Natural gas from the Deep Panuke field off the coast of Nova Scotia could have gained a strong foothold in New England during the past few years—if the gas had started flowing in 2010, as had been the plan. New England, with its shift to gas-fired power generation and its wintertime heating needs, surely has needed the gas; it still does. Today, with the first Deep Panuke gas finally expected to come ashore in the next few weeks, we ask, can the new gas from Nova Scotia push its way into New England, or will the coming influx of Marcellus gas into the six-state region push Deep Panuke gas back across the border?
In this Part 1 of our two-part series, we examine how the Deep Panuke discovery once was viewed as the next big thing for New England gas supply, and as a follow-up to the Sable Island Offshore Project (SIOP)—also off Nova Scotia—which was the first to utilize the Maritimes & Northeast pipeline into New England. We also look at why it has taken so long to get Deep Panuke gas flowing, and how gas-market dynamics in New England have changed during that years-long delay. In Part 2, we will consider what might happen as the new southward flow of Deep Panuke gas collides with the opposing flows of Marcellus gas—through beefed-up Algonquin Gas Transmission (AGT) and Tennessee Gas Pipeline (TGP) networks—to New England.

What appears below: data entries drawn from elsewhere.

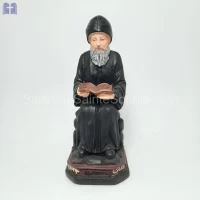 Saint Charbel Sitting Size 20cm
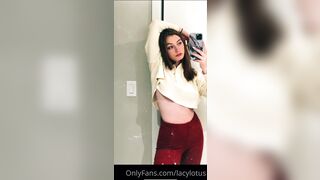 Lacylotus (lacyyy) OnlyFans Leaks Cute Babe Porn Video 12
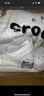 卡骆驰（CROCS）檀健次同款经典泡芙洞洞鞋百舒适男沙滩鞋女鞋休闲鞋|207521 霜紫色-5BO 36 (220mm) 37 实拍图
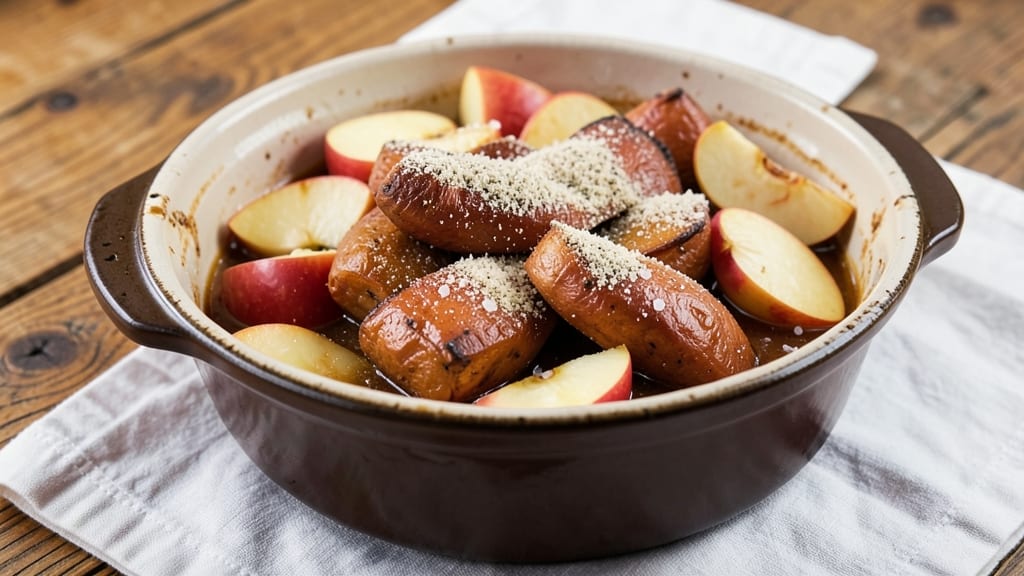 Sweet Potato and Apple Crock Pot Recipe: Warm Spiced Dessert in One Effortless Hour
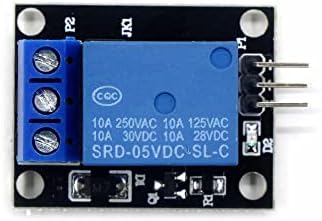 5V 12V1 модул за реле за канали со излез на реле OptoCoupler 1 -патека за реле за DIY комплет за DIY комплет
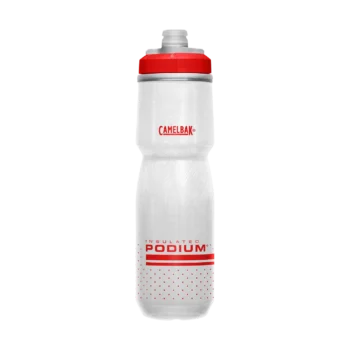 CAMELBAK - Botella Deportiva Podium Chill 24oz - Blanco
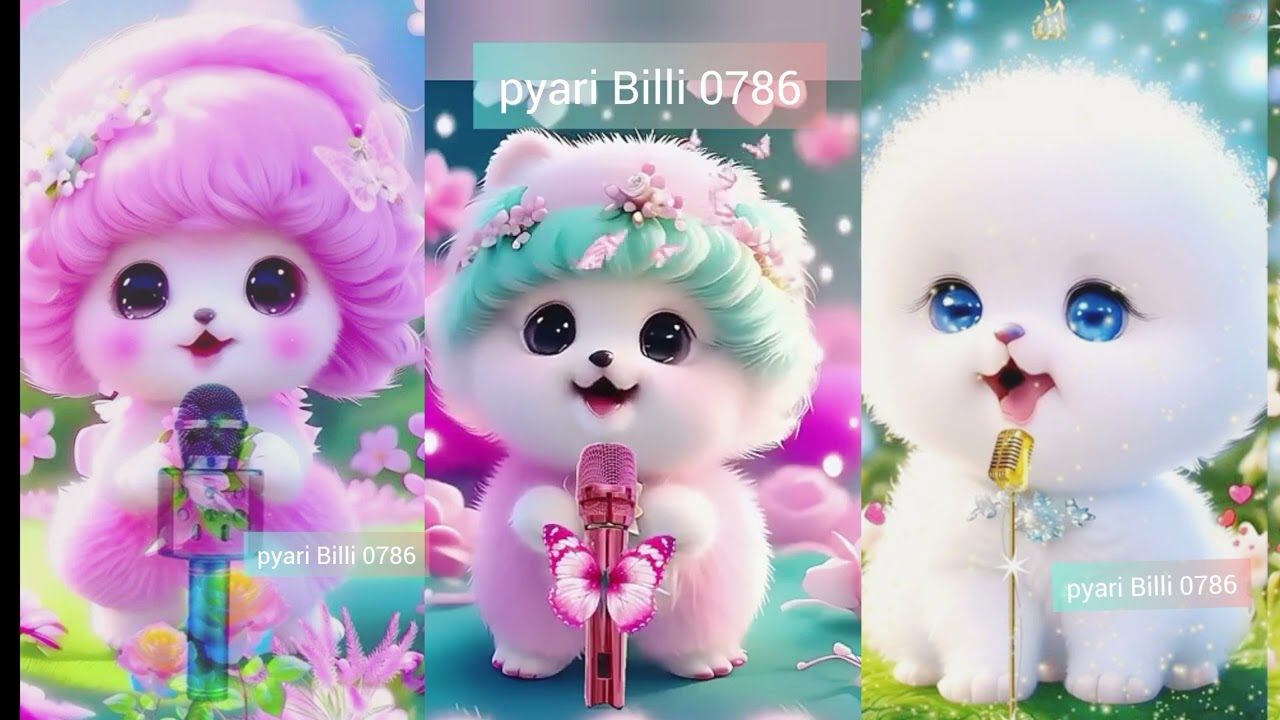 Hasbbi Rabbi Jallallah | Cute Little Cat 🐱 | Cats Naat | Naat Sharif | Pyari Billi 0786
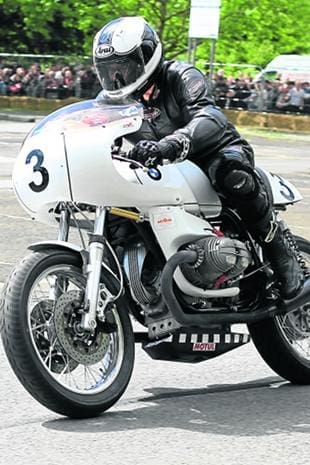 Alain Marie’s 750cc BMW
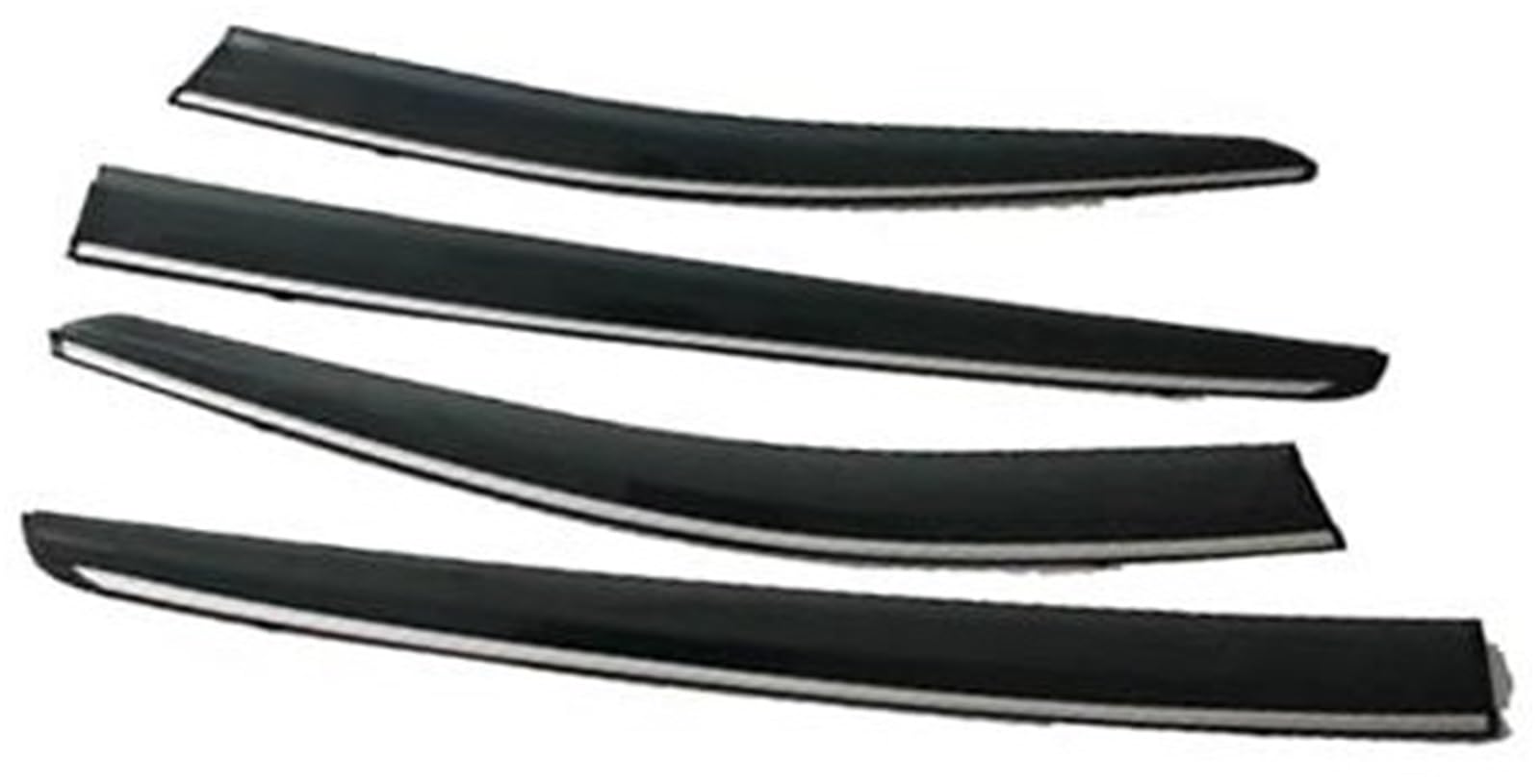 MKVAXR Seitenfenster-Deflektoren, for Chevrolet Malibu MK8 2013 2014 2015, Auto-Fenster-Deflektor, Visier, Schatten, Sonne, Regenschutz, Auto-Außenseite Sonnenschutz für Seitenfenster MKVAXR Seitenfenster-Deflektoren, for Chevrolet Malibu MK8 2013 2014 2015, Auto-Fenster-Deflektor, Visier, Schatten, Sonne, Regenschutz, Auto-Außenseite Sonnenschutz für Seitenfenster von MKVAXR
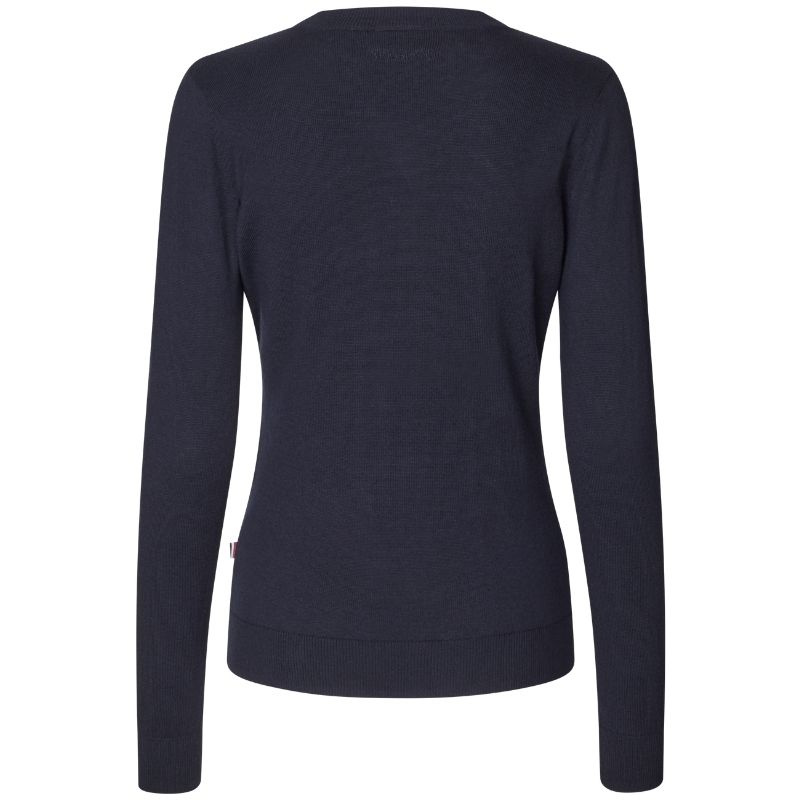 Pullover Classic V-Neck Marineblau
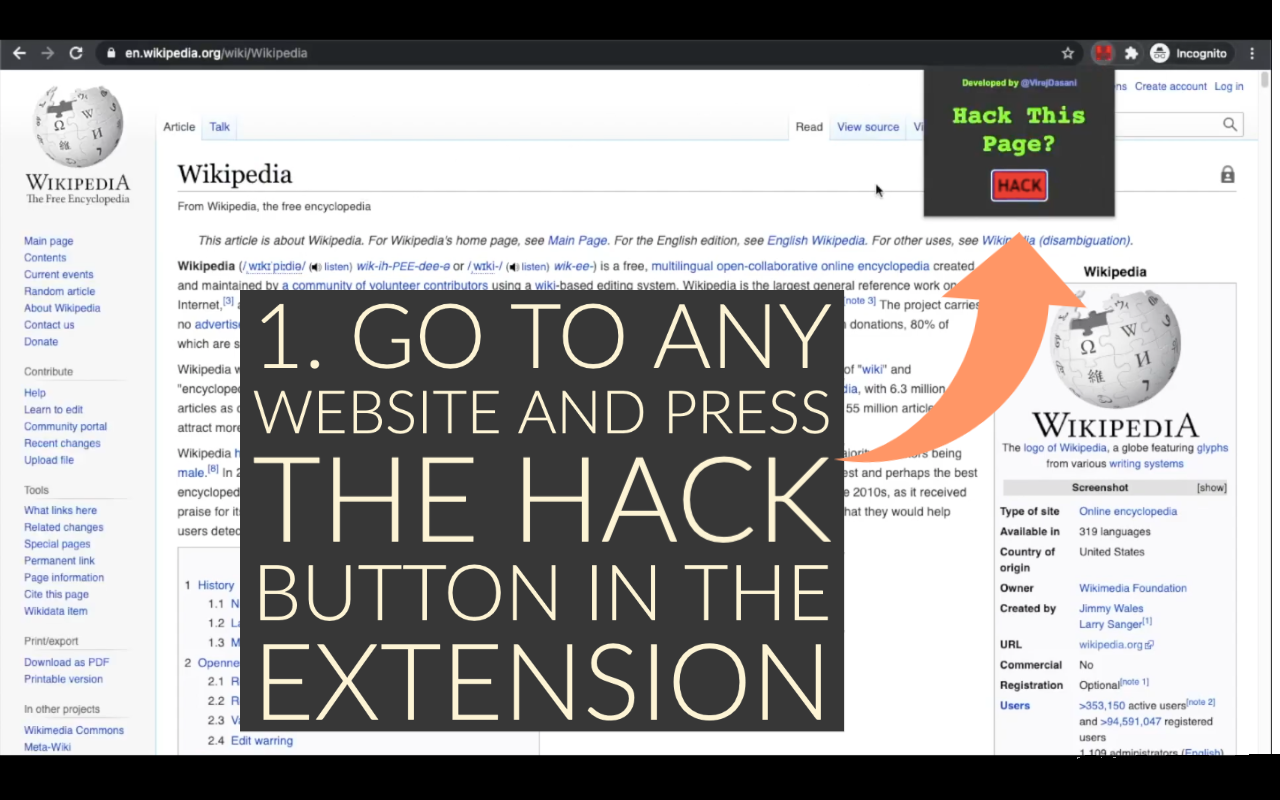Hack This Website – Get this Extension for 🦊 Firefox (en-US)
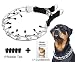 Mayerzon Dog Prong Training Collar, Stainless Steel Choke Pinch Dog Collar with Comfort Tips (Collar) primary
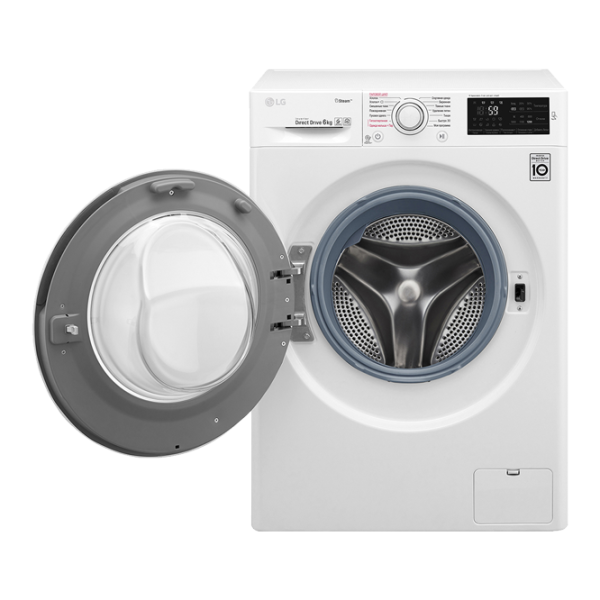 Mașină de spălat LG F2M5NS3W 6 kg / 1200 rpm / White photo 7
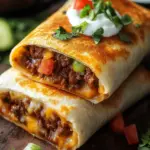 Sizzling Beef and Cheese Chimichangas for Taco Night Joy 41 Beef and Cheese Chimichangas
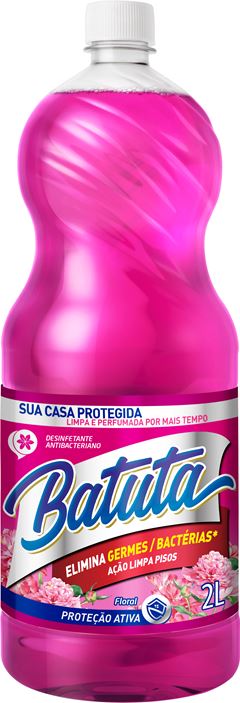 DESINF BATUTA FLORAL INGLEZA 01X2L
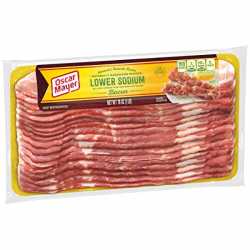 Bacon Lower Sodium  16 oz
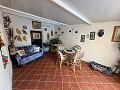 Beautiful rustic home with pool and bar in Los Gabrieles in Daft on Spain 
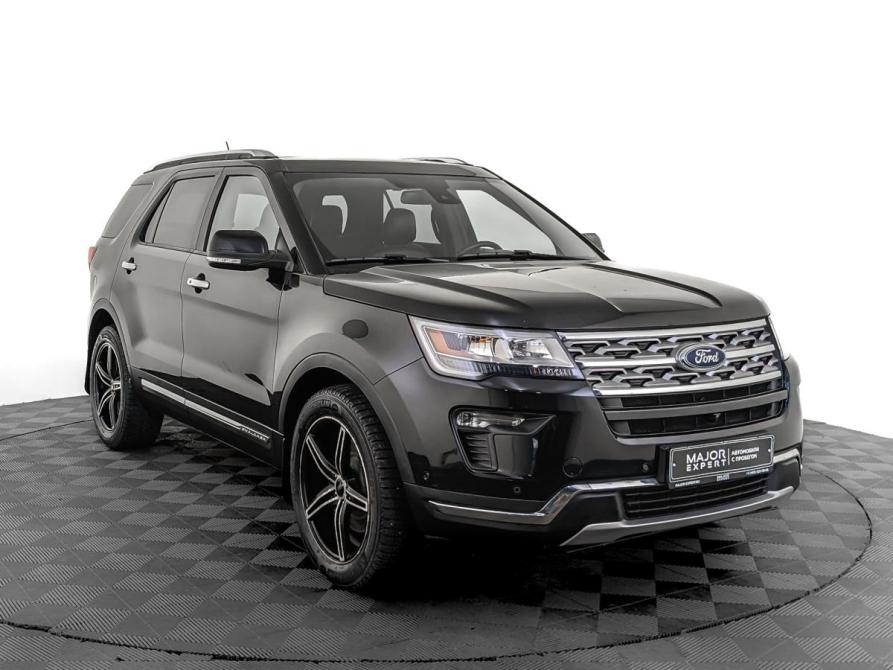 Ford Explorer V Рестайлинг 2 Москва  - изображение 3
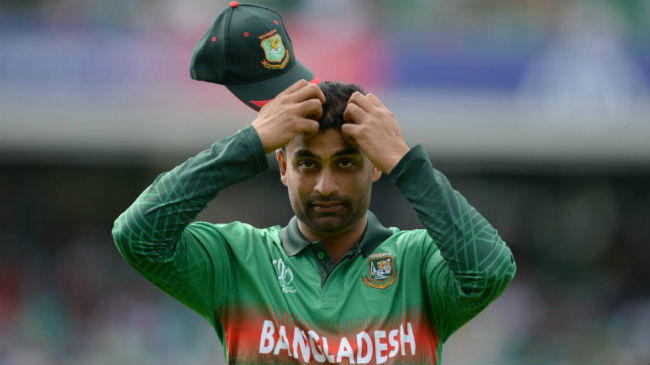 tamim bangladesh team acting captain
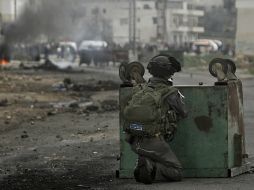 Barcelona busca apaciguar el conflicto entre Israel y Palestina mediante el deporte. EFE /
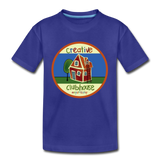 CC Toddler Premium T-Shirt - royal blue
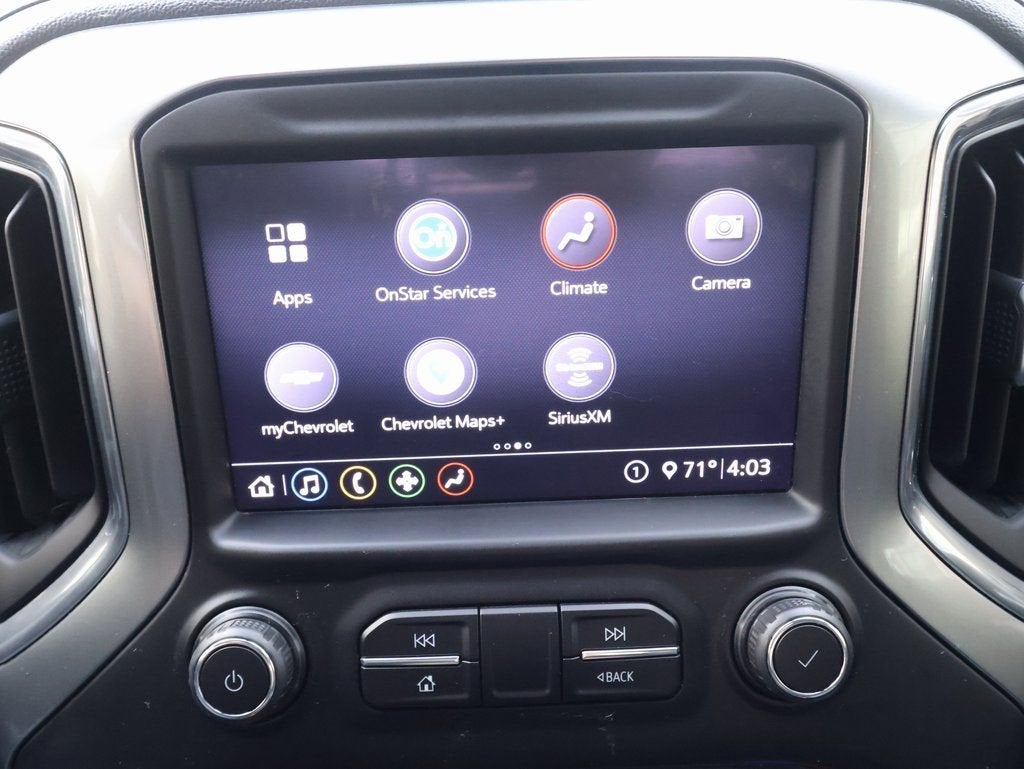 2020 Chevrolet Silverado 1500 LT Trail Boss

The development of the Deep Panuke gas field has been in the works for a long time—many years before it became apparent that new techniques for economically extracting shale gas from the Marcellus, Utica and other plays would transform the North American gas supply situation, particularly in the northeastern U.S. (see The Marcellus Changes Everything). Shell was the first to explore the Deep Panuke region, starting in the late 1980s. PanCanadian followed in the 1990s, and in 1998 its PP-P3 discovery well made it clear Deep Panuke was worth developing. PanCanadian merged with Alberta Energy to form EnCana in 2002, and that same year EnCana got the regulatory go-ahead for a $1 billion project that would deliver up to 400 MMcf/d from Deep Panuke reserves estimated at about 900 Bcf. In 2003, however, EnCana asked for and received a regulatory time-out, and for the next three years it reevaluated—and ultimately scaled down—the project. The new $700 million plan, which received regulatory approval in 2007, called for delivering up to 300 MMcf/d, probably for a period of about 13 years. The first gas, as we said, was supposed to start flowing more than three years ago, but one setback after another pushed that start date back again and again, most recently to sometime this quarter. (The delay also has pushed up the project’s price tag, to $1 billion.) As EnCana put it in a July 24, 2013 statement, the project is now “in the final steps to achieving first gas. Final commissioning is taking place offshore. Gas will be introduced from the wells to the platform following final commissioning.
Deep Panuke is a gas-supply follow-up to SIOP, whose production started in 1999, peaked only nine years later, and is now in decline. But the two are step-sisters, chemically speaking. SIOP gas, whose production started in 1999 but has ramped down dramatically in recent years, is sweet and wet--rich with natural gas liquids--and is processed onshore at Goldboro, Nova Scotia. Deep Panuke gas, meanwhile, is sour and dry, and will be processed on the platform; when the gas makes landfall it will be good-to-go for marketing. Repsol--the Spanish oil and gas company, eager to expand into the northeastern U.S.--in 2009 contracted to buy all of EnCana’s Deep Panuke gas: up to 300 MMbcf/d for the life of the project. Repsol also owns 75% of Canaport, the LNG import terminal in Saint John, New Brunswick, which has the capacity to produce up to 1.2 Bcf/d from LNG but which has been operating at much lower levels because gas prices in North America are much lower than in Asia and Europe, discouraging imports. (Irving Oil owns the other 25% of Canaport.) SIOP gas and gas converted from LNG at Canaport flows through the Canadian portion of the Maritimes & Northeast Pipeline to help to meet the needs of gas consumers in Nova Scotia and New Brunswick. Some gas also flows south in the 800 MMcf/d U.S. portion of Maritimes & Northeast, which runs from the Canadian border at Calais, Maine, to Wells, Maine, where the pipeline merges with the Portland Natural Gas Transmission System (PNGTS) pipeline to form a joint, 100-mile, 600 MMcf/d pipeline through southern New Hampshire to Dracut, in northeastern Massachusetts (see Figure 1). (An aside of sorts: In 2003, the PNGTS pipeline, which runs from northern New Hampshire to Wells and was originally intended to bring gas south from Quebec, was reworked to provide bidirectional service—the idea being to enable SIOP gas to make its way to Quebec as well as to Boston, the largest city in New England.)